To simplify the notations on the representative measurement of time in hours:
time $0$ is 3 p.m., time $1$ is 4 p.m., time $1/2$ is 3:30 p.m., etc.
Find the distribution function $F_{min}$ of $T_{min}$.
Hint: Alice and Bob both arrive strictly after 3:15 p.m. if and only if $T_{min} > 1/4$."
I don't understand some things in the solution, which is:
"The hint tells us that $T_{min} > 1/4$ iff $T_A > 1/4$ AND $T_B > 1/4$. This observation is true for any time $t$: $T_{min} > t$ iff $T_A > t$ AND $T_B > t$. We remember that $F_{min}(t) = P(T_{min}\leq t)$. So $1 - F_{min}(t) = P(T_{min}> t) = P(T_A > t)P(T_B > t)$ by independence of $T_A$ and $T_B$. So $F_{min}(t) = 1-(1-t)^2 = 2 t - t^2$ for $t \in [0,1]$. For $t\leq0$, $F_{min}(t) = 0$ and for $t\geq1$, $F_{min}(t) = 1$."
What I don't understand:
Why do we do $1 - F_{min}(t)$ to switch the direction of the inequality in $P(T_{min}> t)$? (in short, why don't we directly try to find $P(T_{min}\leq t)$ ?)
How do we get $P(T_A>t) = (1-t)$? I can't find the law or the formula giving this. Also, if it's pure logic, I always come back to my previous question.
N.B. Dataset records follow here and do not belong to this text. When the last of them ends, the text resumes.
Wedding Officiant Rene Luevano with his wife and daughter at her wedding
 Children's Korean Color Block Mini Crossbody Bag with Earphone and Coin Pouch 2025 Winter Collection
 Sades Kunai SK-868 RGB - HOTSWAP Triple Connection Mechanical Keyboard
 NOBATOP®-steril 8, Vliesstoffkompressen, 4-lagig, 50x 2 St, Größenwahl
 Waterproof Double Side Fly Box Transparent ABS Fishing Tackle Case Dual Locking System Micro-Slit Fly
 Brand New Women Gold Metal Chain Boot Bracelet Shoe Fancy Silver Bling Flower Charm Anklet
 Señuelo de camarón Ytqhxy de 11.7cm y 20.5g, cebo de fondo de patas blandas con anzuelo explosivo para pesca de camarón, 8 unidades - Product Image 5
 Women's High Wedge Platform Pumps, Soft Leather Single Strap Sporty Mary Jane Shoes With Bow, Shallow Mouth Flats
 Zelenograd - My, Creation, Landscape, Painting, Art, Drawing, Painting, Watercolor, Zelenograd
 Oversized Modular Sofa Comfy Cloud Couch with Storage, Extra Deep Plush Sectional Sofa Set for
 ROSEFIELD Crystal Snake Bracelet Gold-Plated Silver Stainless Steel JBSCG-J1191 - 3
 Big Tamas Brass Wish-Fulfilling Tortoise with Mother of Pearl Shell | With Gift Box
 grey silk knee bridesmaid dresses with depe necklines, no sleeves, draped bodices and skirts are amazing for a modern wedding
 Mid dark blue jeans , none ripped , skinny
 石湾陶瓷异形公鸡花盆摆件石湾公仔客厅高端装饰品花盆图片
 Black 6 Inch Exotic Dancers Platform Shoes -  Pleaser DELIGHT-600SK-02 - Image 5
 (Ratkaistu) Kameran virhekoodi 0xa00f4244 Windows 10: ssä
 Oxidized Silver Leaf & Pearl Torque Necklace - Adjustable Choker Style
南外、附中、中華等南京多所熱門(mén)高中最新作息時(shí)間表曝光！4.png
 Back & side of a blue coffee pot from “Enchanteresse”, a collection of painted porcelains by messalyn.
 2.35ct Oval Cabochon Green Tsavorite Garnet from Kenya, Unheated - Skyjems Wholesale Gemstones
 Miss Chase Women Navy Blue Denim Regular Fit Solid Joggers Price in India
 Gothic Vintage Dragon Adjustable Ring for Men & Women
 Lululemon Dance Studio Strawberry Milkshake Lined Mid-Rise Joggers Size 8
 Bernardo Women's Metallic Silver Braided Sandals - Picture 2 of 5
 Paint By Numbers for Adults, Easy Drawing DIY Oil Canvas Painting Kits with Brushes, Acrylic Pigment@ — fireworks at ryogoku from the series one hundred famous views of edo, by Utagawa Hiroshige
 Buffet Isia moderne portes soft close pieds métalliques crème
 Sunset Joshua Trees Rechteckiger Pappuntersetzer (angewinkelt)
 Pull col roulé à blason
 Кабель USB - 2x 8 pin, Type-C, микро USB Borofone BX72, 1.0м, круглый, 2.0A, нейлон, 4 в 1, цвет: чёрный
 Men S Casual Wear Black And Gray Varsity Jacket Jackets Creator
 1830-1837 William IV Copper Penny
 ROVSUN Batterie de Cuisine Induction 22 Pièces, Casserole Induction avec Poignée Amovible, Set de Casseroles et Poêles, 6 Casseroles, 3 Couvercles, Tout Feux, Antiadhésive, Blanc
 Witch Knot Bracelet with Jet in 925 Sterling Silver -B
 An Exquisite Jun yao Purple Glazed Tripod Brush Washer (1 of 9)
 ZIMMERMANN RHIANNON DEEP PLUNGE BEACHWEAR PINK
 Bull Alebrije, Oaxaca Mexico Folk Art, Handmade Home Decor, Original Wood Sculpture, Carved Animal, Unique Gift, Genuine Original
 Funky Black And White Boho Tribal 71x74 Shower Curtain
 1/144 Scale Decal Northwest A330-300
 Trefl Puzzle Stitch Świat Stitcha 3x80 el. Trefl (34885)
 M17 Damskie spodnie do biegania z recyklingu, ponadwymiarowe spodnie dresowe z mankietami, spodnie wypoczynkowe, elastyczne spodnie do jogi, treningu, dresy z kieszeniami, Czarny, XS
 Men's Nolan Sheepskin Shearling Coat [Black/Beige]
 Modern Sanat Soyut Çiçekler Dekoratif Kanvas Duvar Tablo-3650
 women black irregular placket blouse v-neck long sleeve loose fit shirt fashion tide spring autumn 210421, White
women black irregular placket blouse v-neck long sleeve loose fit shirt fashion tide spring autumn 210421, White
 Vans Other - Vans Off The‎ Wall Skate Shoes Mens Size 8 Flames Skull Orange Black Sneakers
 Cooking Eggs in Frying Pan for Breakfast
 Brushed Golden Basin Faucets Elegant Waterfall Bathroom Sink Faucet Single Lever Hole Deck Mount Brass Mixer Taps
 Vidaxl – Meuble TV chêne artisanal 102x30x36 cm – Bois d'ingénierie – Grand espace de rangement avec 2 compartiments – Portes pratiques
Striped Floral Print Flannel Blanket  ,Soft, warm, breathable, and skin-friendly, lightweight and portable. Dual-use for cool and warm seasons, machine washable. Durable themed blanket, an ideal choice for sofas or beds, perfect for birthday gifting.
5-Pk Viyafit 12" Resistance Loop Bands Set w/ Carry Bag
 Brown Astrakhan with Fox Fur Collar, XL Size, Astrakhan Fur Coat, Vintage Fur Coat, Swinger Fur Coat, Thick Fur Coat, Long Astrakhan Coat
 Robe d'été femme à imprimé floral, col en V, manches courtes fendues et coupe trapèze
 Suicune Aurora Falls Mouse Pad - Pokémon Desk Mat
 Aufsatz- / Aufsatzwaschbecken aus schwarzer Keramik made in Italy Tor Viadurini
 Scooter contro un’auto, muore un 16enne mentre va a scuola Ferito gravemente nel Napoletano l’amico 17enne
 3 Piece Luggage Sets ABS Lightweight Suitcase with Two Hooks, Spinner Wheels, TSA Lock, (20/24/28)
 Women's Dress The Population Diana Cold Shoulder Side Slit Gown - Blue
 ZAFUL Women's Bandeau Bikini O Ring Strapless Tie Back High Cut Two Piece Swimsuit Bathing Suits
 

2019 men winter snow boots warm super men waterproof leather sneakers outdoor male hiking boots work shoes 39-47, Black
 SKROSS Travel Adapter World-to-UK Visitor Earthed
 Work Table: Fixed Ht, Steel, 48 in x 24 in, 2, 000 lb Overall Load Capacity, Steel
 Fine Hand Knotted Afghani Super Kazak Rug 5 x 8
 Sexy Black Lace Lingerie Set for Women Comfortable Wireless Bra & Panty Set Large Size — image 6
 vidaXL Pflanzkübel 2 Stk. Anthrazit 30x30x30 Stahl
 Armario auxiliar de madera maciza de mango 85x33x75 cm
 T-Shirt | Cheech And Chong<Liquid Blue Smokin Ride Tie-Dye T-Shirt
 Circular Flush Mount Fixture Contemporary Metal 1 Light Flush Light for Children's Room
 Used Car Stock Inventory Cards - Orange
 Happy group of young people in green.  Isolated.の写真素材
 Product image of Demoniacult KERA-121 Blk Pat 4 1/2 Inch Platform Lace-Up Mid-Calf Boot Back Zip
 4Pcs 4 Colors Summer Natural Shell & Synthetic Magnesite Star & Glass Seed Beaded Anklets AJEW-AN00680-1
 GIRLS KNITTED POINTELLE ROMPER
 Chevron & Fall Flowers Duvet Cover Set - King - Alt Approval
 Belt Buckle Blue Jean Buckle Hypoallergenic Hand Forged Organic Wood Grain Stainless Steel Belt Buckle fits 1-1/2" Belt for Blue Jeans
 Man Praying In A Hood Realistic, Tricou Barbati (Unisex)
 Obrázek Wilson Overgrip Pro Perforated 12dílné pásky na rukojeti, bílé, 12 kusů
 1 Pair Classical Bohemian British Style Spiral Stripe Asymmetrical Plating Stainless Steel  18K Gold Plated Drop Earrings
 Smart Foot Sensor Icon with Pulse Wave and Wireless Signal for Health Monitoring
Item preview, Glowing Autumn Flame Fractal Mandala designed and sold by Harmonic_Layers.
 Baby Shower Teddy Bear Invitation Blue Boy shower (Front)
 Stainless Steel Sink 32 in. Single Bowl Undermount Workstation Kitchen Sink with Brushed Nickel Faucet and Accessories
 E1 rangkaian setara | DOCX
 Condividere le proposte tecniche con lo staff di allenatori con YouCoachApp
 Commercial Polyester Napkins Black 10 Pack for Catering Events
By the way $P(T_A>t) = P(T_B>t)$ hence the square of $(1-t)^2$, that I understand.
For your first question: you need to use the observation that "$T_{\min} > t$ if and only if $T_A > t$ and $T_B>t$" which gives a direct route to computing $P(T_{\min} > t)$. There isn't a "corresponding" observation of the form "$T_{\min} \le t$ if and only if $T_A \le t$ and $T_B \le t$" (or something similar), so the provided approach for finding $P(T_{\min} \le t)$ is as direct as you can get, even if it goes via finding $1 - P(T_{\min} > t)$.
$P(T_A > t) = 1-t$ comes from the definition of $T_A$ being uniform on $[0, 1]$.